Task item:
Return exactly the span that opens with the line containing "Skiing comfort level" and closes with the final line of the records, both included.

Extracted entries:
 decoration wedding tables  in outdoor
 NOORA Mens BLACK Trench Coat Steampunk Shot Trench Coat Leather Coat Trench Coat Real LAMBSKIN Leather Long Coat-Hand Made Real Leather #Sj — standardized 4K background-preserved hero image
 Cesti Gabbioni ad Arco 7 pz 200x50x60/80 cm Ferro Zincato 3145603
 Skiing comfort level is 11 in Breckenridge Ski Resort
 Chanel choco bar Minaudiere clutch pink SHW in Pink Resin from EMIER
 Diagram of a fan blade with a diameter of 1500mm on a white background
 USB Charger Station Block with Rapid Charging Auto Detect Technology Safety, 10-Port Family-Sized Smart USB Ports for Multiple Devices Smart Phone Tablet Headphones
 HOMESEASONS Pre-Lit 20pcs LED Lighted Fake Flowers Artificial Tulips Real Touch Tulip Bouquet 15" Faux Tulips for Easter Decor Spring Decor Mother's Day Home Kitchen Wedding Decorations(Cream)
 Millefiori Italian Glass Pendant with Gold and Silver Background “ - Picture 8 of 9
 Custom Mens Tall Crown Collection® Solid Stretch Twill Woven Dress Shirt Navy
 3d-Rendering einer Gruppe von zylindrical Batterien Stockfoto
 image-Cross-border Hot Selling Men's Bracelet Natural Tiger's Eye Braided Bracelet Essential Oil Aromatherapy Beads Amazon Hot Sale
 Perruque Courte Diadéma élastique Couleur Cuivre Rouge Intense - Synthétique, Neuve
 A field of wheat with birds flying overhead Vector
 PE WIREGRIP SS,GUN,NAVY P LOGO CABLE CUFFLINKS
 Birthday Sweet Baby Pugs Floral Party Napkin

Completed task:
 Skiing comfort level is 11 in Breckenridge Ski Resort
 Chanel choco bar Minaudiere clutch pink SHW in Pink Resin from EMIER
 Diagram of a fan blade with a diameter of 1500mm on a white background
 USB Charger Station Block with Rapid Charging Auto Detect Technology Safety, 10-Port Family-Sized Smart USB Ports for Multiple Devices Smart Phone Tablet Headphones
 HOMESEASONS Pre-Lit 20pcs LED Lighted Fake Flowers Artificial Tulips Real Touch Tulip Bouquet 15" Faux Tulips for Easter Decor Spring Decor Mother's Day Home Kitchen Wedding Decorations(Cream)
 Millefiori Italian Glass Pendant with Gold and Silver Background “ - Picture 8 of 9
 Custom Mens Tall Crown Collection® Solid Stretch Twill Woven Dress Shirt Navy
 3d-Rendering einer Gruppe von zylindrical Batterien Stockfoto
 image-Cross-border Hot Selling Men's Bracelet Natural Tiger's Eye Braided Bracelet Essential Oil Aromatherapy Beads Amazon Hot Sale
 Perruque Courte Diadéma élastique Couleur Cuivre Rouge Intense - Synthétique, Neuve
 A field of wheat with birds flying overhead Vector
 PE WIREGRIP SS,GUN,NAVY P LOGO CABLE CUFFLINKS
 Birthday Sweet Baby Pugs Floral Party Napkin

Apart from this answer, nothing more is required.